More interestingly, however, OPEC also calculated the difference between global oil demand for the current quarter and non-OPEC production at 28.27 million bpd, which OPEC would need to produce itself to keep the market in balance.
This is not an overt declaration of production cuts. It’s a simple ab calculation at the bottom of a table that shows world oil demand and supply. But it does suggest that a reversal in OPEC’s production policy could be on the way, as ZeroHedge hinted in an article published Thursday.
Most of OPEC is already – and still is – below its production targets. The cartel and its Russian-led partners pledged to increase production by more than 600,000 bpd in July and August, up from about 420,000 bpd originally agreed. However, they missed that target in July and will likely miss it again this month.
Additionally, at its last meeting earlier this month, OPEC+ agreed to increase overall production by a modest 100,000 barrels per day. Traders were surprised by the addition, and some saw it as a direct slap to Biden after the US president traveled to the Middle East to personally plead with Riyadh for more oil.
Speaking of Riyadh, the crown prince, who effectively rules the kingdom, has made it clear that he will not use the country’s spare oil production capacity unless the global oil supply situation becomes critical.
He used terms such as “severely limited availability” of spare production capacity, although anonymous sources spoken to by Portal said both Saudi Arabia and the United Arab Emirates could produce “significantly more” oil should the need arise.
The question now is whether OPEC sees this as a necessity.

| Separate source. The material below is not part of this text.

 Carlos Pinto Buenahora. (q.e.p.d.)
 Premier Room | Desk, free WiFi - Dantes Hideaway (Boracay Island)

This latest downward revision in demand was the third the cartel has made since April. The IEA now appears to have realized that the impact of Western sanctions on Russian oil production and exports has been far less severe than feared. And that sets the stage for an oil market that is better supplied than many would have expected just a few months ago.
Of course, it would be negligent to ignore the destruction of demand due to high prices as a factor in the overall decline in oil demand. But the destruction of demand, as it is, is being offset by a surge in gas-to-oil switching, particularly in Europe as utilities and governments grapple with record-breaking gas prices.
This week, a tanker carrying US Mars crude arrived in Germany, marking the first shipment of such crude to that country. The reason: the impending Russian oil embargo and the urgent need to find alternatives to Russian crude oil, especially since the tight gas supply situation is getting worse by the day.
See also: The burgeoning energy partnership between Azerbaijan and the EU
The gas-to-oil shift, which may well accelerate as the heating season approaches, could become a major source of oil demand in the near term. There are other reasons for the upside as well: Portal reported earlier this week that US refiners and pipeline operators expect strong demand for their product in the second half of the year, despite high prices.
Should demand prove healthy and strong, OPEC would not need to take any action to support prices. Brent crude is just a dollar under $100 a barrel at the time of writing, and West Texas Intermediate is above $93 a barrel.
That kind of Brent price should be fine for OPEC. However, when it falls, things can change very quickly.
The likelihood of that happening seems slim, at least according to Goldman Sachs’ Damien Courvalin. In a new forecast, Courvalin said analysts at the bank expected oil prices to rise back to $130 a barrel by the end of the year.
“We are still in deficit. Although growth is slowing, prices still have work to do and that’s higher from here,” he told Bloomberg.
It’s always remarkable when OPEC sees a market surplus where others see a deficit. Usually this means that the cartel may be preparing for lower production in anticipation of price levels that are inconsistent with its expectations.
Of course, OPEC is aware of the fine line between underdoing and overdoing prices and killing demand, which is why the cartel is unlikely to be ready to start cutting production any time soon. For now, suffice it to say that OPEC has made it clear that spare capacity is limited and most members cannot meet their quota. After all, there’s only so much a cartel can do.